I welcome your questions and comments about the book, here or soon on the Forum of my website (the website is fine but we're still resolving some glitches with the Forum) . And I’d greatly appreciate your help spreading the word about the book, especially to anyone who has lost family or friends to suicide, as well as health/mental health professionals, clergy, educators, and law enforcement who work with survivors, via your personal email lists, social media, word of mouth, and ratings/reviews of the book on Amazon, Barnes & Noble, Goodreads, FB, etc. You can refer people to my website or to the publisher for more information. You can also contact me about book talks or public speaking at
Many thanks again to all of you for joining me on this journey and helping to make this book possible! The journey continues on the blog and on my website, so please stay tuned.

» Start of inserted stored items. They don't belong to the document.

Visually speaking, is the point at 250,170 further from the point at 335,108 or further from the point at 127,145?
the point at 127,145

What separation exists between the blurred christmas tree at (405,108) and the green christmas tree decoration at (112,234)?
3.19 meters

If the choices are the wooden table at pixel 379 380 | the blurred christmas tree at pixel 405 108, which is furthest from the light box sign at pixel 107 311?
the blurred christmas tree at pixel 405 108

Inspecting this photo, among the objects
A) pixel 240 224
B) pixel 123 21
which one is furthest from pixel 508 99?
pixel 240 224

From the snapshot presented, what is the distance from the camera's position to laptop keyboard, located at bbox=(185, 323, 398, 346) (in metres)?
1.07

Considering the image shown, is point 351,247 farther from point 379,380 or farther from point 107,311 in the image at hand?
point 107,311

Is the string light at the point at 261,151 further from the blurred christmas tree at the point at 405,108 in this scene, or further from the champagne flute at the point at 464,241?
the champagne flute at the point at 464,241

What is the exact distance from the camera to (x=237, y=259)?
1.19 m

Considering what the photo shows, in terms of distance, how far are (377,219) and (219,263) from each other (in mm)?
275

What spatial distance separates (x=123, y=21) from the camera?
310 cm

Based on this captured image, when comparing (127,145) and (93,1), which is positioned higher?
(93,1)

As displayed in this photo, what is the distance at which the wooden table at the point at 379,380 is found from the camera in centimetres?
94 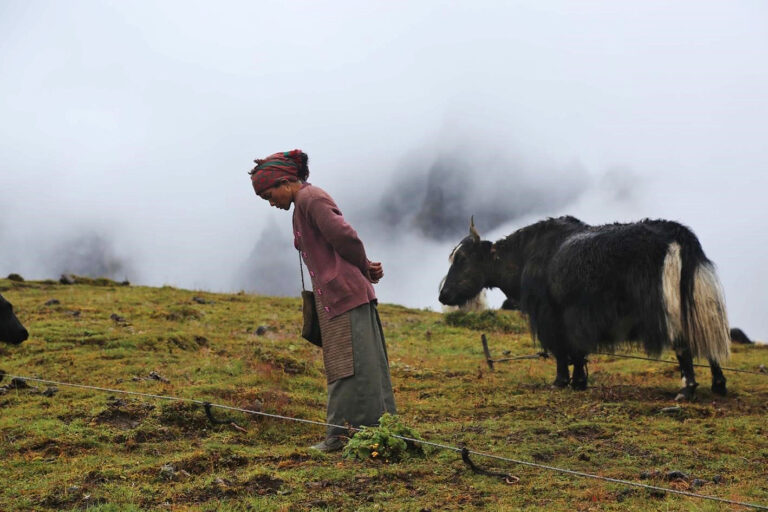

  1. Congratulations Susan! Your writing has a lot to offer those touched by suicide as well as those who work with survivors of suicide.

  2. Thanks, Pam, I appreciate it!

  3. Congratulations on this courageous undertaking. I've been "enjoying" reading your eloquent writing and refer clients to your blog as a place for them to find support and camaraderie.
    I am in Long Island (a close friend of your friend Jane's) - if you'd like to speak here I can probably arrange it at The Book Revue in Huntington.
    Good luck as you launch into this next "out-in-public" phase.

    1. Hi Nancy,
      Thanks for your kind words and your referral of clients to this blog. I hope they'll find the book helpful.
      Thanks, too, for the offer to arrange a book talk in Long Island. I'll be in touch if/when I'm able to take the book on the road.